Bisnis.com, JAKARTA — DPR menilai langkah Kementerian Keuangan yang menertapkan Dasar Pengenaan Pajak (DPP) 11/12 untuk 'mengakali' penurunan tarif Pajak Pertambahan Nilai (DPP) menimbulkan kerancuan di tengah masyarakat.
Ketua Komisi XI DPR Misbakhun menilai seharusnya pajak hanya untuk barang mewah, sedangkan tarif Pajak Pertambahan Nilai (PPN) yang berlaku 11%.

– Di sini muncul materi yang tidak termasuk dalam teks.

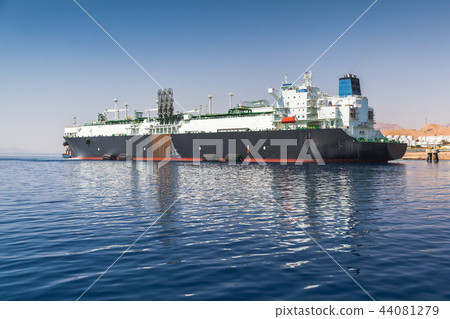 Huge oil tanker moored in Aqaba port Huge oil tanker moored in Aqaba port 44081279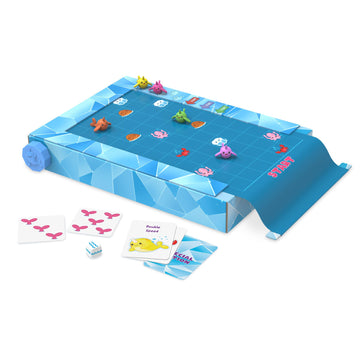 Peaceable Kingdom Narwhal Waterfall Cooperative Game - Fun Games for Kids Ages 6 and Up - Fast-Paced Kid Board Games - Includes Moving Gameboard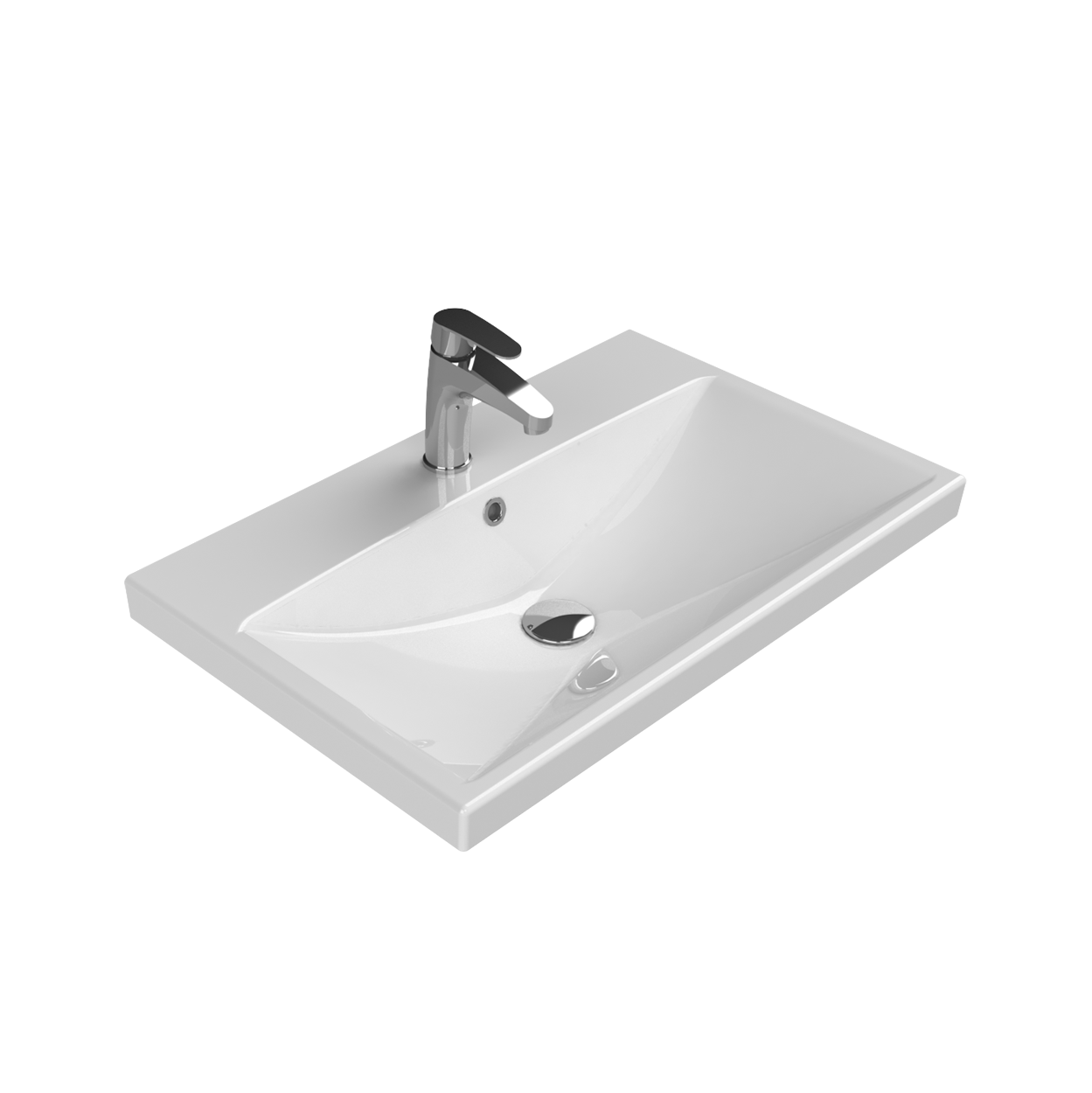 Turkuaz CeraStyle Elite White umivaonik (lavabo) 70x45x5 konzolni sa rupom za bateriju i prelivom 32100U
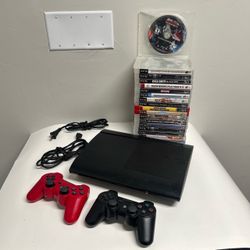 Sony PlayStation 3 250GB PS3 Super Slim CECH-4001B Black Tested 19 Games Bundle!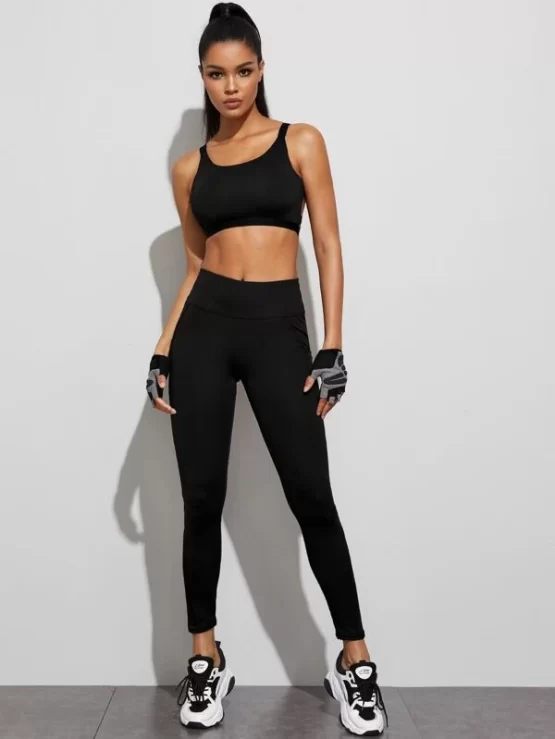 Light Support Letter Tape Strappy Back Sports Bra - Image 2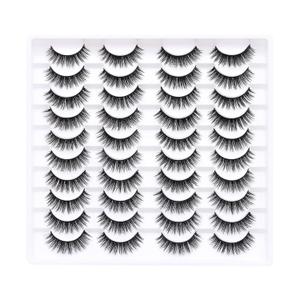 False Eyelashes 20 Pairs Wispy Lashes Faux Mink Lashes 14mm 3D Fluffy Cat Eye Lashes style 20-062)
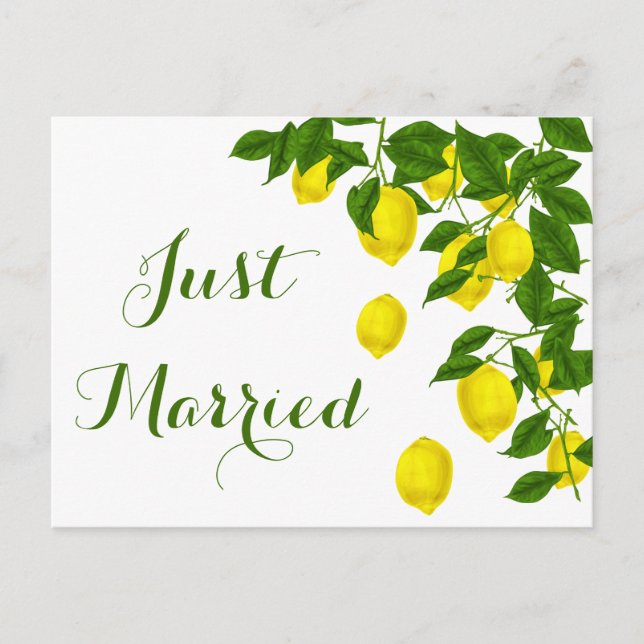 Yellow Just Married Lemon Green Wedding Citrus Announcement Postcard (Front)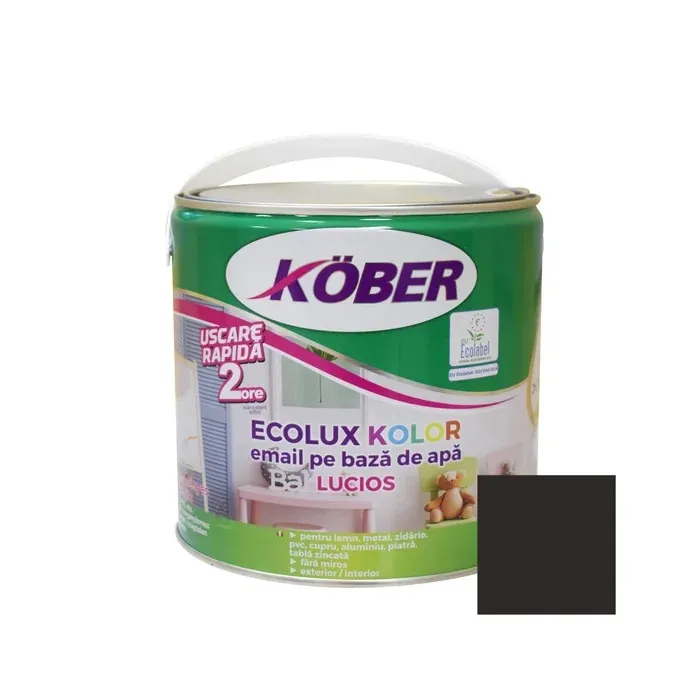 Vopsea pentru lemn / metal, Kober Ecolux Kolor, interior / exterior, pe baza de apa, lucios, negru, 2.5 L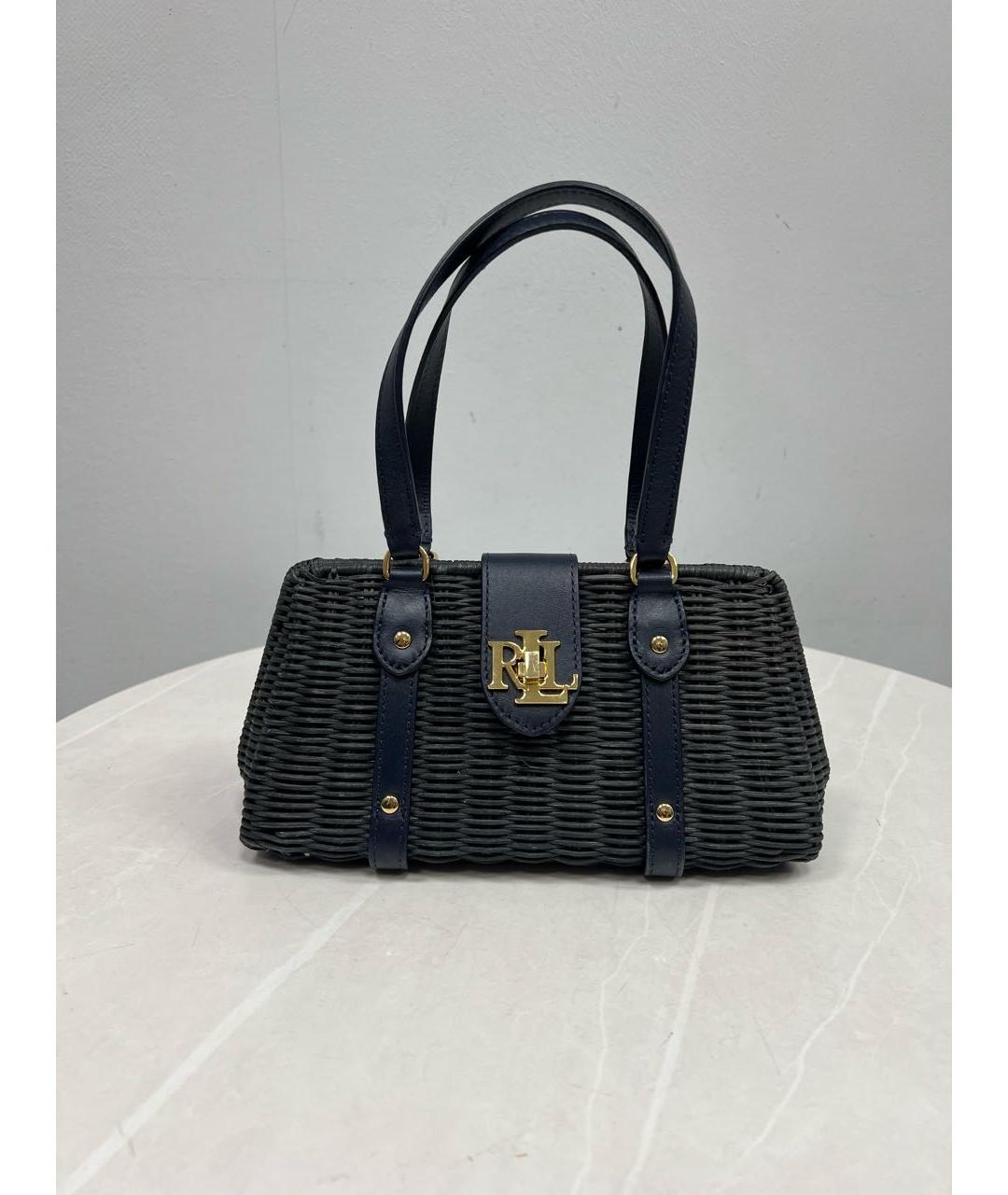 RALPH LAUREN Темно-синяя пелетеная пляжная сумка, фото 8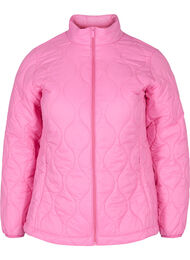 Quiltet jakke med glidelås og lommer, Hot Pink, Packshot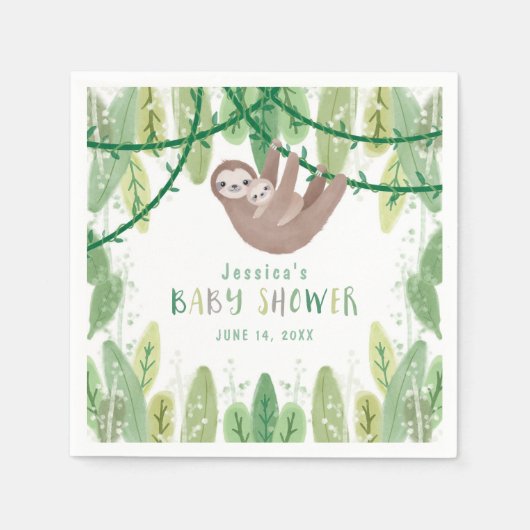 Mama und Baby Boy oder Girl Sloth Dschungel Serviette (Vorderseite)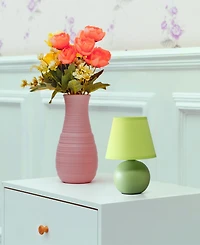 Creekwood Home Nauru 8.66" Traditional Petite Ceramic Orb Bedside Table Desk Lamp with Tapered Drum Fabric Shade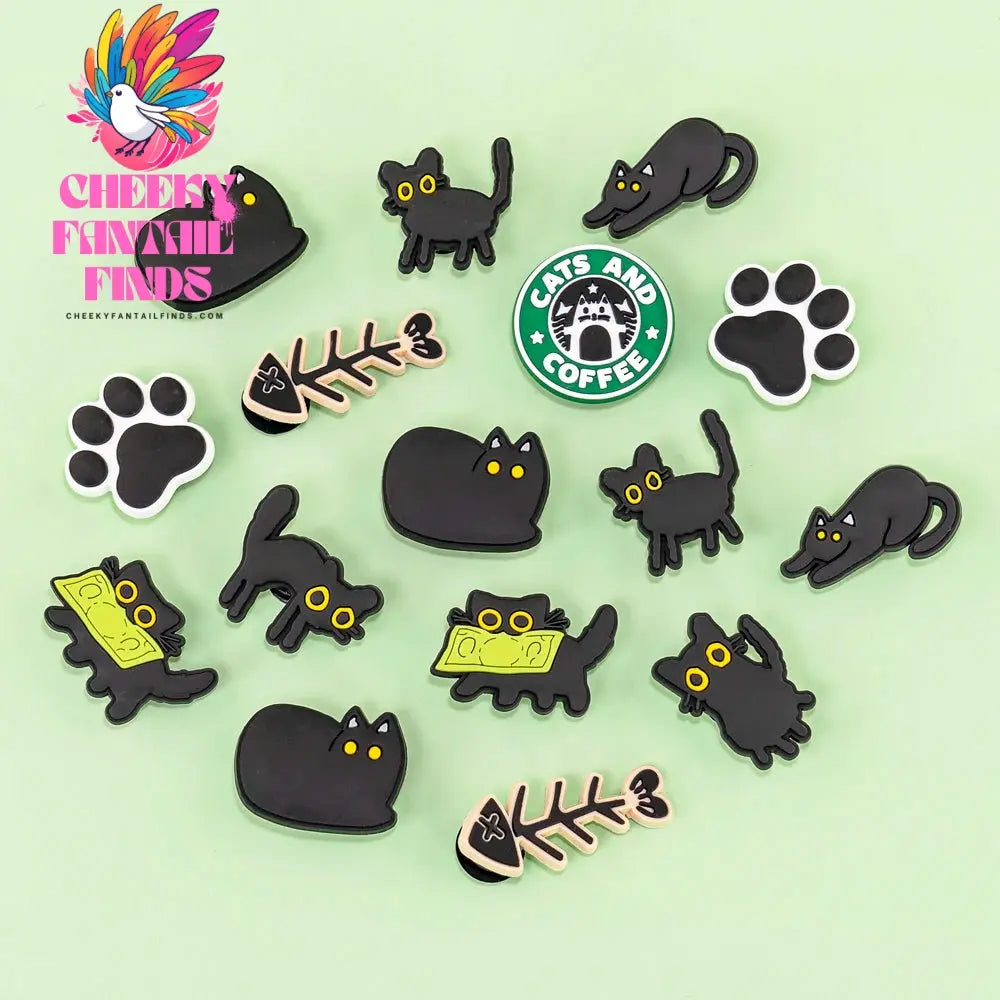 1/9pcs PVC Black Cat Shoe Charms for Kids Women Men Cat's Paw Shoe Decorations Pins for Clog Buckles Sandals Accessories Cheeky Fantail Finds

“Peraturan ini menimbulkan keresahan di masyarakat, di mana beberapa perusahaan retail telah memungut PPN sebesar 12%,” ujarnya dalam keterangan resmi, Jumat (3/1/2025).
Kementerian Keuangan sendiri menggunakan Dasar Pengenaan Pajak (DPP) 11/12 dikali PPN 12% untuk membuat pajak yang dikenakan relatif 11% seperti semula.
Alhasil, aturan pelaksanaan yang tertuang dalam Peraturan Menteri Keuangan (PMK) sangat membingungkan dan menimbulkan kerancuan dalam penerapannya karena menggunakan dasar pengenaan dengan nilai lain 11/12.
“Di mana ada penafsiran tunggal seakan-akan UU HPP tidak bisa menerapkan tarif PPN dengan multi tarif,” lanjutya.
Baca Juga
Anggota DPR dari fraksi Partai Golkar tersebut menyebutkan padahal sangat jelas bahwa Undang-Undang (UU) No. 7/2021 tentang Harmonisasi Peraturan Perpajakan (HPP) pasal 7 tmencatat tidak ada larangan soal multi tarif PPN sehingga tidak ada larangan soal penerapan tarif PPN 11% dan PPN 12% diterapkan bersamaan sekaligus.
Kini, justru tarif PPN 11% untuk yang tidak naik dan tarif PPN 12% hanya untuk barang dan jasa mewah.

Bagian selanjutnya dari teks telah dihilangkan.